The answer was quite simple but required a different perspective. If you can’t bring the data to the compute, bring the compute to the data. The difficulty was you couldn’t do this with a commercial storage array—you needed a purpose-built storage server that could work cooperatively with the database to process vast amounts of data, offloading processing to the storage servers and reducing the demands on the storage network. From that insight, Oracle Exadata was born.
Continuous Innovation
Over the years, Oracle has built on this engineered platform, refining the architecture of the system, all while using the latest technology and components to reduce overall costs. More recently, Oracle has introduced new Exadata capabilities, leveraging its unique architecture to better run new modern AI workloads. Some of the innovations Exadata has brought to market include:
- Performance: Pushing AI, analytic, and OLTP work from the compute servers to the intelligent storage servers spreads the workload across the entire system while reducing I/O bottlenecks; interconnecting components with an RDMA fabric coupled with intelligent use of a smart data cache in the storage provides memory-speed performance with hard disk economics and capacities.
- Availability: Proven high availability configurations based on Real Application Clusters running on redundant hardware components enables extreme availability; Data Guard provides disaster protection by automatically maintaining a standby database in another geographic region; intelligent software identifies faults throughout the system and reacts to minimize or mask application impact.
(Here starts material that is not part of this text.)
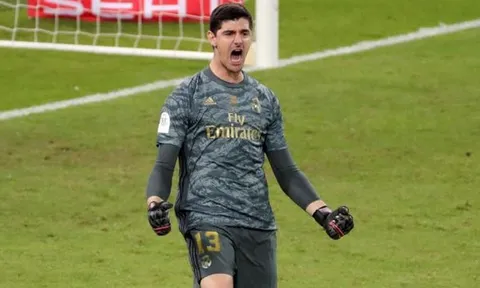 Thibaut Courtois và cuộc chiến cam go với "Gã khổng lồ"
Customers are routinely running Exadata solutions in 24/7 mission-critical environments with 99.999% availability requirements.
- Security: Full stack patching and hardened security profiles reduce attack surfaces. A default Exadata deployment meets over 90% of STIG-SCAP requirements, making it fast and easy for customers to achieve the levels of security they require.
- Manageability: Integrated management tooling simplifies operations. Fleet automation can update multiple systems in parallel, enabling customers to update hundreds of racks in a single weekend.
- Scalability: Modular building blocks connected by a high-speed, low-latency RDMA over Converged Ethernet (RoCE) fabric allow configurations to scale from small entry systems to ones needed to support extremely large workloads.
- Economics: Built from industry standard components to deliver exceptional value and enhanced with unique Oracle Database and Exadata co-engineered features to deliver exemplary price-performance. Exadata’s unique architecture can provide better performance than all-flash arrays combined with the high capacity and low cost of hard disks.
Mission Critical Availability
Exadata is often associated with extreme performance, but Oracle has spent a great deal of time architecting in mission critical availability. Exadata delivers availability through a tightly integrated combination of hardware redundancy and Oracle AI Database high availability technologies that operate cohesively across the stack. Exadata customers can reference and implement the Oracle Maximum Availability Architecture (MAA) blueprint, engineered to provide extreme levels of mission-critical availability for Oracle databases.
At the database tier, Oracle Real Application Clusters (RAC) enables active-active clustering with cache fusion over a low-latency RDMA fabric, allowing server and instance failures to be transparently handled without interrupting application sessions. At the site level, Oracle Data Guard and Active Data Guard provide synchronous or asynchronous replication with automatic failover, enabling data protection and rapid recovery across regions.
Within the infrastructure, redundant compute nodes, storage servers, networking, and power domains help eliminate single points of failure, while Exadata System Software continuously monitors component health and performs online fault isolation and rebalancing. Planned maintenance is performed using live updates and rolling maintenance across database, grid infrastructure, and storage layers, enabling updates without application downtime. This end-to-end architecture allows Exadata to consistently meet stringent service levels, including continuous 24×7 operation with up to 99.999% availability.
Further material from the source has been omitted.